The anti-heroines in The Far Away Home are frequently misfits, eccentrics or outsiders, women who inhabit vast physical and emotional spaces and wrangle with existential crises, one foot firmly planted in the mundane. In “Pieces,” an awkward Jody reflects on her abortion, her best friend’s attempted castration, and how to deal with her fire-eating ex; in “Two Feet in Texas” the obese Pina wins the souls of her tormentors in a poker game as her pants split; in “Cold Sleep,” Caroline, the wife of an RCMP officer stationed in the North, tries to rouse herself from a permanent sleep to come to terms with her community and a place too limitless to understand.

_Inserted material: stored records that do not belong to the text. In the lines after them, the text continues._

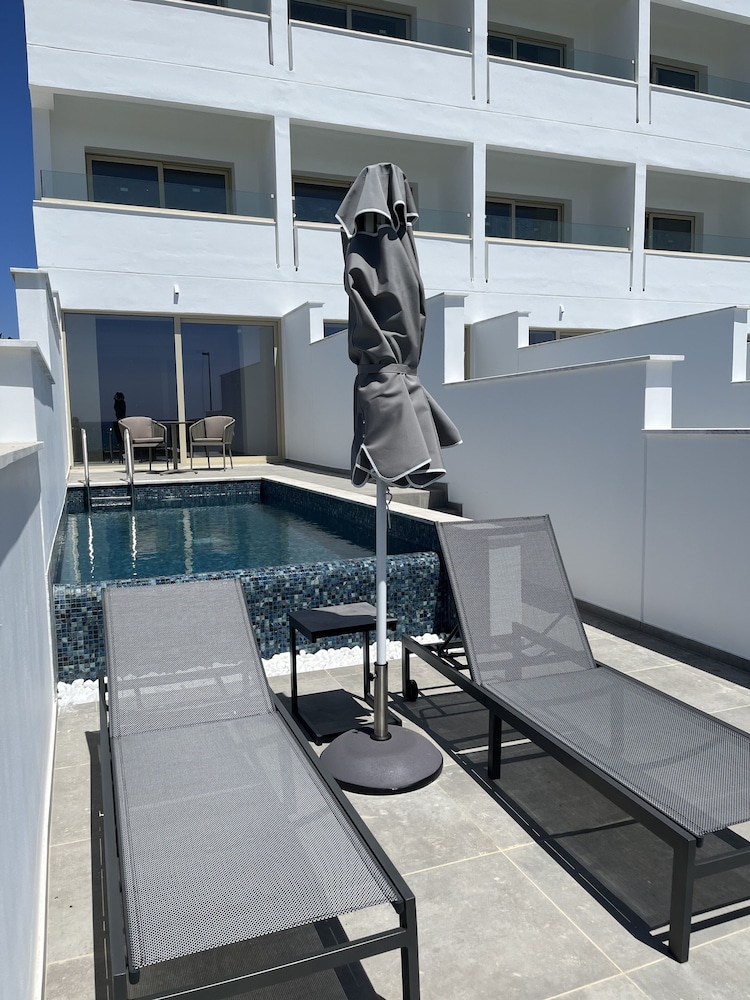 Studio Suite, Private Pool, Sea View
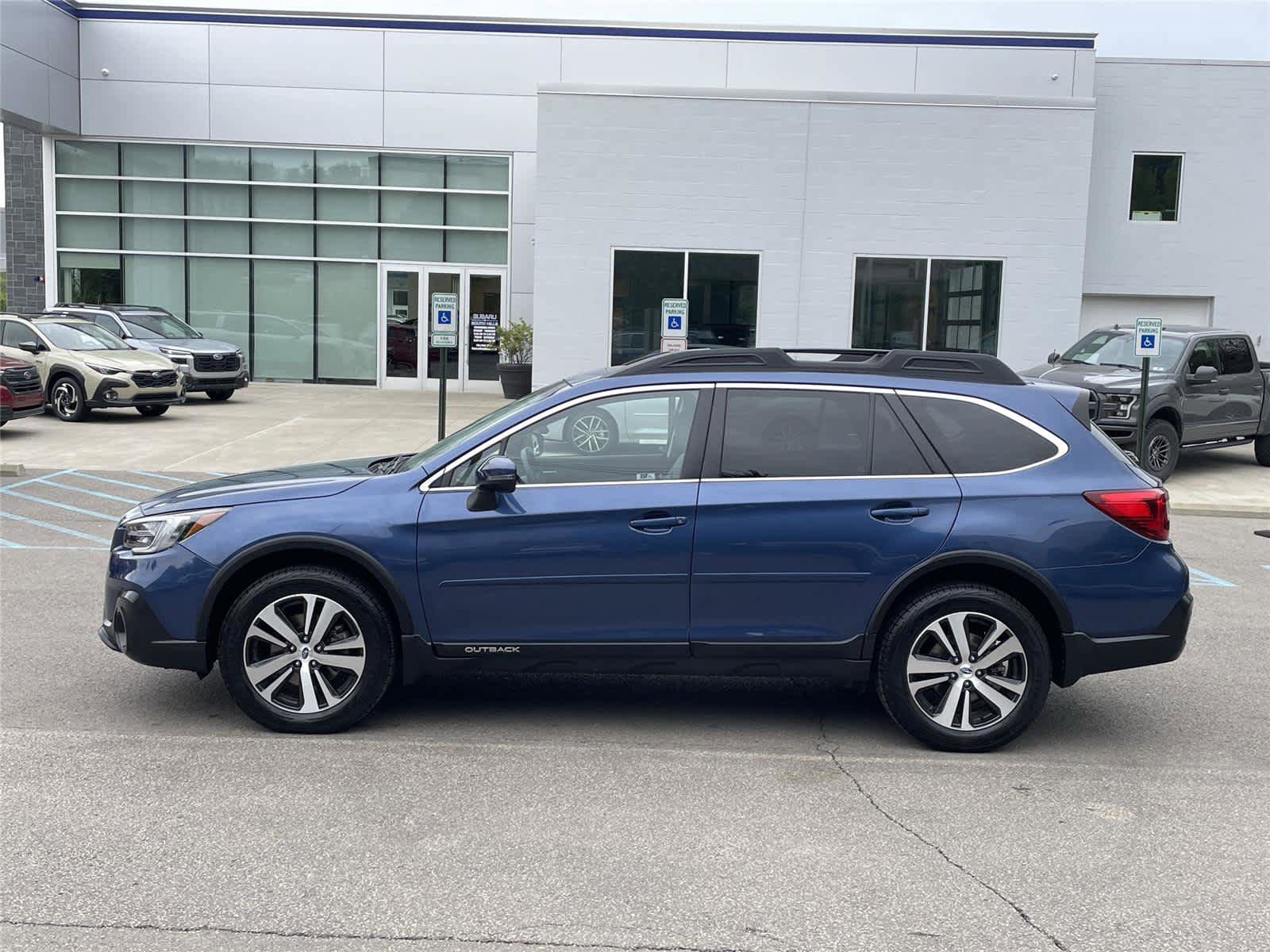 Used 2019 Subaru Outback 3.6R Limited w/ Popular Package #2 AWD/4WD image 2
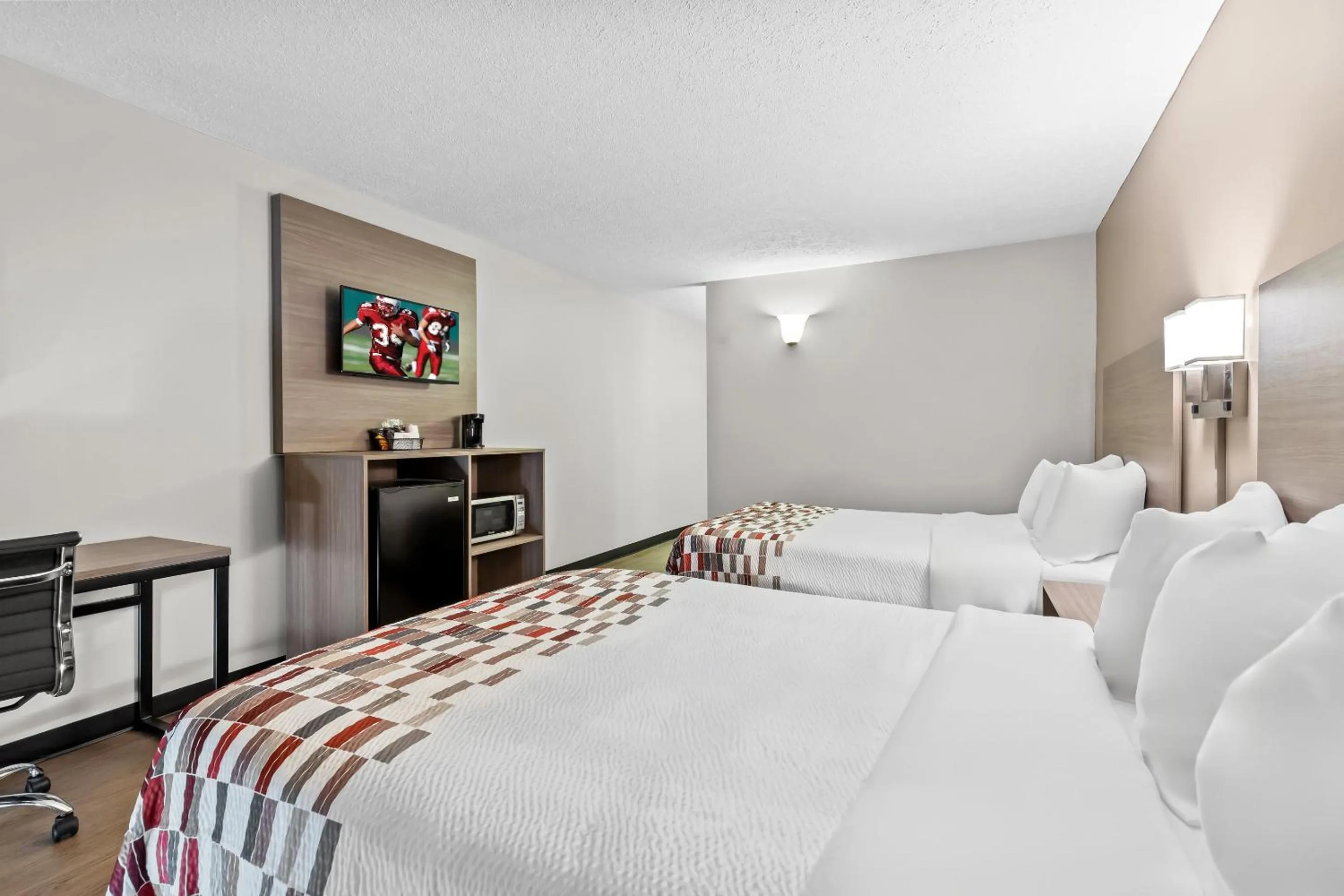 Bedroom, Bed in Red Roof Inn Cambridge, OH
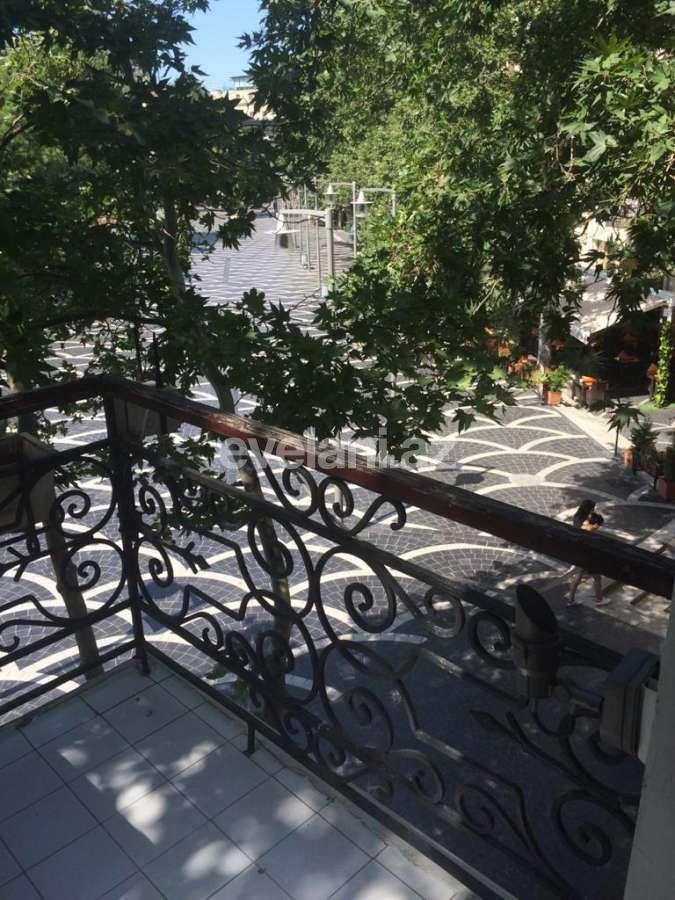 Satılır, yeni tikili, 2 otaqlı, 130 m², İnşaatçılar m.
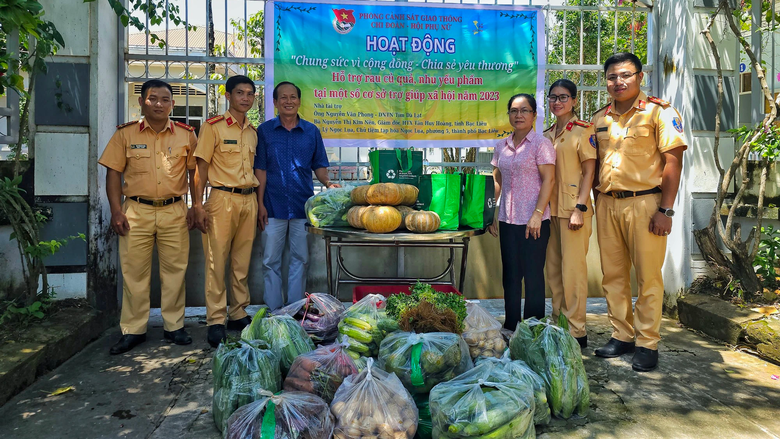 Tuổi trẻ CSGT Bạc Li&ecirc;u chia sẻ y&ecirc;u thương với những m&atilde;nh đời kh&oacute; khăn - Ảnh 1.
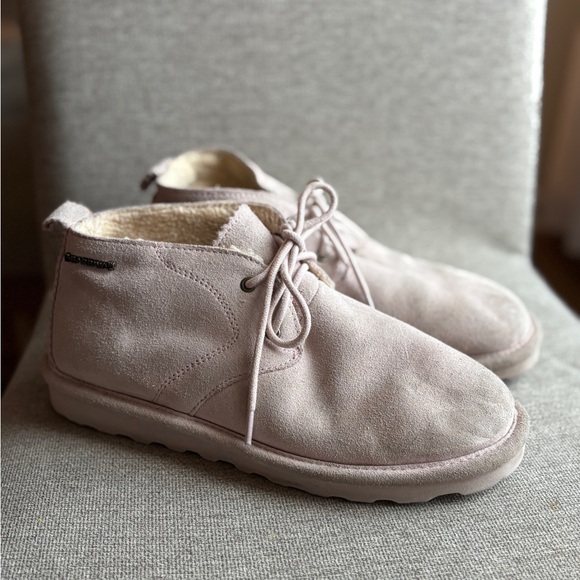Bearpaw Women's Suede Chukka Skye Shoes Size 9 Light Lavender - Picture 1 of 10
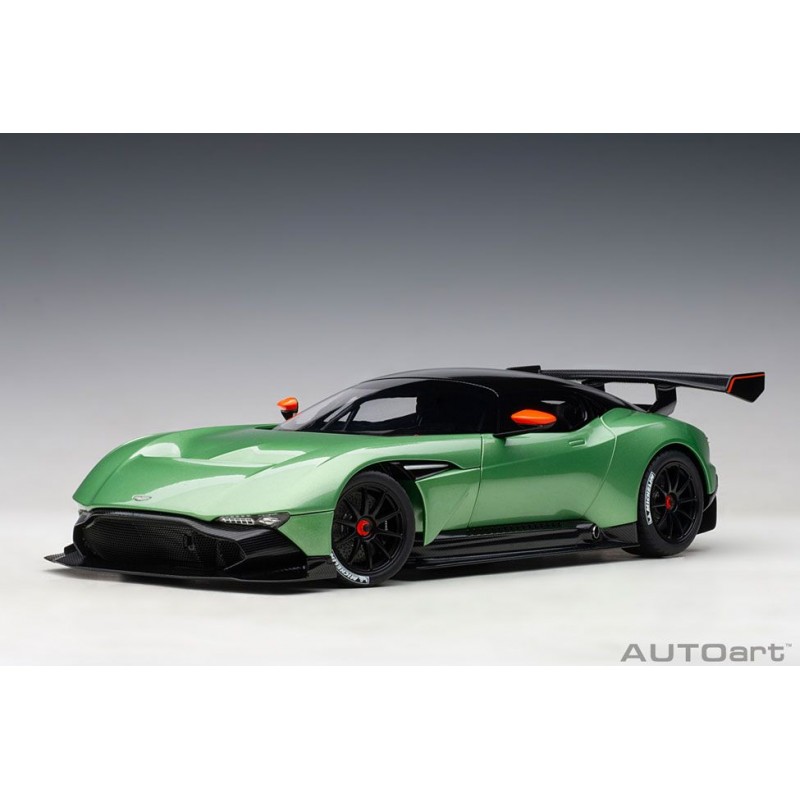 AUTOart 1/18 Aston Martin Vulcan Coupe 2015
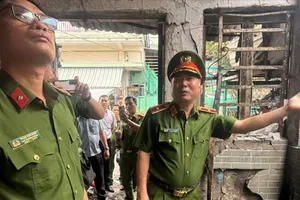 Lãnh đạo Bộ Công an kiểm tra hiện trường vụ cháy khiến 3 người tử vong ở quận 8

What’s compelling about Denesiuk’s stories is the lyrical tension between the quotidian and the disturbing. She seamlessly juxtaposes the ridiculous and the macabre. “The Perfect Vacation,” for example, traces a balloon store owner’s growing sexual obsession with physically challenged people. On the surface, the story is light and amusing – an easy read – and yet there is no doubt that the enterprising woman at the centre of this narrative has become completely unhinged by the end of her vacation.

Denesiuk’s subtlety and empathy as a writer enable her to tackle grand themes like sex, death, home, and female subordination. To wit: most of the stories deal with women coping with gynecological problems or in sexually compromised positions. In “Insomnia,” sleepless Katherine, desperate for quick cash after leaving her boyfriend – who denied her the right to empty her bowels – tries her hand at prostitution. Half-asleep, and barely financially afloat, most of the women in this collection have had their wombs or bowels torn and tampered with; all are far from home and all find themselves alienated by their own sexuality, relationships, and bodies. These characters reflect the unromantic and often paradoxical quandary of modern womanhood. Cut loose from their families and their men, these women are at once freed by the failure of traditional male-female relationships and bound by their bodily urges.

What makes The Far Away Home successful is the disarming hope and beauty the author reveals in the overlooked and ‘unremarkable’ lives of these women. For while the world is often an indifferent and grotesque place for misfits of The Far Away Home, the sustained humanity that connects all the characters and stories makes this book a joy to read. As one character writes to another in a love letter, there are times connections fail, “like a toe, for example, meeting an ear with utter disinterest.” And yet there are also moments of recognition, moments when fingers cross and connect, when “[w]e are all of one mind, of one soul – reflections and variations of one another.” mRb

Ibi Kaslik's debut novel "Skinny" was shortlisted for the 2004 Amazon.ca/books in Canada First Novel Award.